The failure of many SMEs to successfully convert research and development into innovation indicates that there are many hurdles to be overcome in the innovation process. For example, Kim and Mauborgne (2000) suggest that such hurdles “make or break the commercial viability of even the most powerful innovative ideas”. What can SMEs managers do about these hurdles, and what determines the level and effectiveness of the innovation strategies adopted? Despite the obvious importance of SMEs (SGS, 2002), there is a paucity of research and consequently a lack of understanding on SME needs and requirements. To date, most SME research focuses on factors that contribute to their survival such as financing, rather than a greater understanding of the growth process and the achievement of sustainable competitive advantage (Storey, 1994).

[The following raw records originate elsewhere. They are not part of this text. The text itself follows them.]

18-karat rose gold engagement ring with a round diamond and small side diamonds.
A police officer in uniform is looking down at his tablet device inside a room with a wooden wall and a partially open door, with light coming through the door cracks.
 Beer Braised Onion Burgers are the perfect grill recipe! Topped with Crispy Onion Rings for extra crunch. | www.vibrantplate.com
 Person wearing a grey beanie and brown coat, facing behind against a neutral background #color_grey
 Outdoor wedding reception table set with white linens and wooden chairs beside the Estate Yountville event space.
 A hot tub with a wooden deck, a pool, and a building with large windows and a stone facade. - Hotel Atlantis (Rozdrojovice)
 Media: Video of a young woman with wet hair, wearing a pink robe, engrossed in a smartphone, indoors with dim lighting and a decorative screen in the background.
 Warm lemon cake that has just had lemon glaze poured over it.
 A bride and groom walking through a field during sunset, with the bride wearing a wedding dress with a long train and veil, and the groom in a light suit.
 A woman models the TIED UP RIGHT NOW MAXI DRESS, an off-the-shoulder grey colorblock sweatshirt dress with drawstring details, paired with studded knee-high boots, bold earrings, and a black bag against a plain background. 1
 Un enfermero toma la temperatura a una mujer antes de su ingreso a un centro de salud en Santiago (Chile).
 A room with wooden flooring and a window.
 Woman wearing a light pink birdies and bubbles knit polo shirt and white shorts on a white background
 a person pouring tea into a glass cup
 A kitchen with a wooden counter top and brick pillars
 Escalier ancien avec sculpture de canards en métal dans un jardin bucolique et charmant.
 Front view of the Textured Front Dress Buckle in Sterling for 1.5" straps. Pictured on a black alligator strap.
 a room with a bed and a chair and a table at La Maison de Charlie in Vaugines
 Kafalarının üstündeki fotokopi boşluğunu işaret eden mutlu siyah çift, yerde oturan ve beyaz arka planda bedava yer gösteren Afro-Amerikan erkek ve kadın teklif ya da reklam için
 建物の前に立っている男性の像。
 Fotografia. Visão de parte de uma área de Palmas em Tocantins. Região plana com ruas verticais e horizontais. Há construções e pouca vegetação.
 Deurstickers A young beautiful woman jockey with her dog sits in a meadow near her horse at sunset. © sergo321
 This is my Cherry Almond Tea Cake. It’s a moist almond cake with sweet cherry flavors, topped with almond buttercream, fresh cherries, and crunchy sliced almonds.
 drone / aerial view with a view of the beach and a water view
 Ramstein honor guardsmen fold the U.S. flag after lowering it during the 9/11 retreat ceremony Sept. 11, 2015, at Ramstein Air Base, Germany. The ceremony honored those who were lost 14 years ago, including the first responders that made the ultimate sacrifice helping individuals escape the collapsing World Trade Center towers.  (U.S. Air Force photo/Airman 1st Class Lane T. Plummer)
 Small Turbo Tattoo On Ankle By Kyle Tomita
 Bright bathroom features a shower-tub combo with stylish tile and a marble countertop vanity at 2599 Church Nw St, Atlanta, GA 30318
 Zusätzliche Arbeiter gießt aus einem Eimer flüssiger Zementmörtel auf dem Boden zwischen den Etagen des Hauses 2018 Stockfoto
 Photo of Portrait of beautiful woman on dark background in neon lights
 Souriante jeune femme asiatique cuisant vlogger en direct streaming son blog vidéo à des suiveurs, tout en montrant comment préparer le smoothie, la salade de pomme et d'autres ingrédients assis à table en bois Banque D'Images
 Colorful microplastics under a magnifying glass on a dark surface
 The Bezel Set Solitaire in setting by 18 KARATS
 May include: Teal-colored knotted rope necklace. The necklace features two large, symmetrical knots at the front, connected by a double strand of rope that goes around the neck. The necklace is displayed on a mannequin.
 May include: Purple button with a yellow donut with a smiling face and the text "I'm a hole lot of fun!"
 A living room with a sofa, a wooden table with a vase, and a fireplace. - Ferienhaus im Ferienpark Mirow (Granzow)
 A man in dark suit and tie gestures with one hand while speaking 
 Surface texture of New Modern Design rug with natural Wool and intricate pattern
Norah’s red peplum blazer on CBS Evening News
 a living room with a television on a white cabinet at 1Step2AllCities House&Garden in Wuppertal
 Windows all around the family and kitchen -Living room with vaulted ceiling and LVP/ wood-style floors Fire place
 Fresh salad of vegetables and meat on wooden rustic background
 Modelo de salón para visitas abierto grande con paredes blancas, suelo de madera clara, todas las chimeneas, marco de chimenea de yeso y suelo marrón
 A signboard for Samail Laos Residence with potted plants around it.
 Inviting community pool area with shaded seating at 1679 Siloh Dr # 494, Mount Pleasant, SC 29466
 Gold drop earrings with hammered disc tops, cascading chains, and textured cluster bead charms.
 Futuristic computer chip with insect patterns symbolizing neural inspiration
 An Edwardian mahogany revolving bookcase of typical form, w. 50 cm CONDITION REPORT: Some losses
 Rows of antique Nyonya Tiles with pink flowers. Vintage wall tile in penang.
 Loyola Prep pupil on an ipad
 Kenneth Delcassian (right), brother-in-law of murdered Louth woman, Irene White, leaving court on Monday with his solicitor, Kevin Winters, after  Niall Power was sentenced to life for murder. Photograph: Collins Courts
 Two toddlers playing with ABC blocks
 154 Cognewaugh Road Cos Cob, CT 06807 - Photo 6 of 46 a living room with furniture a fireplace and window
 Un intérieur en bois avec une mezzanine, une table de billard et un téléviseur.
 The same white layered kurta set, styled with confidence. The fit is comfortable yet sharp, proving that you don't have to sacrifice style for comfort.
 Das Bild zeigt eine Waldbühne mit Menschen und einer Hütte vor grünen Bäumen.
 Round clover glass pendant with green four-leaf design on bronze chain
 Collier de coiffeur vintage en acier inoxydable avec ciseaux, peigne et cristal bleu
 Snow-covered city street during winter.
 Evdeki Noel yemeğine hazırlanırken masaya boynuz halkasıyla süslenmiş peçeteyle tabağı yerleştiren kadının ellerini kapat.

Rogers (1995, p.11) defines innovation as “any idea practice or object that is perceived to be new by an individual or other unit of adoption”. Innovation involves the adoption of new products and processes to increase competitiveness and overall profitability. It involves new ways of identifying the needs of new and existing clients. Innovation is one of the principal challenges to the management of SMEs.

Hitt et al. (2001, p.484) state that innovation is critical to enable SMEs to compete in domestic and global markets. The importance of innovation for SMEs and start-up firms is encapsulated by Lee et al. (2001) when they state that “head-to-head competition with established players is bound to result in failure due to resource shortcomings, scale diseconomies, and questionable reputation”. They prove that innovation is the key to competition as “competitors cannot easily mimic innovativeness. Since it depends on quality and quantity of R&D personnel and the complex social relationships”. Innovation is increasingly seen as a contributory factor to higher performance in a growing number of industries (Zahra et al., 1999) and in particular, strengthening the firm's competitive advantage (Mone et al., 1998). Kanter (1999) states that “Winning in business today demands innovation. Companies that innovate reap all the benefits of a first mover”. Yet the literature indicates that many firms still believe that their existing ways and processes are sufficient for the next decade: “a pattern emphasized is the degree to which powerful competitors not only resist innovative threats, but actually resist all efforts to understand them, preferring to further entrench their positions in the older products” (Utterback, 1994).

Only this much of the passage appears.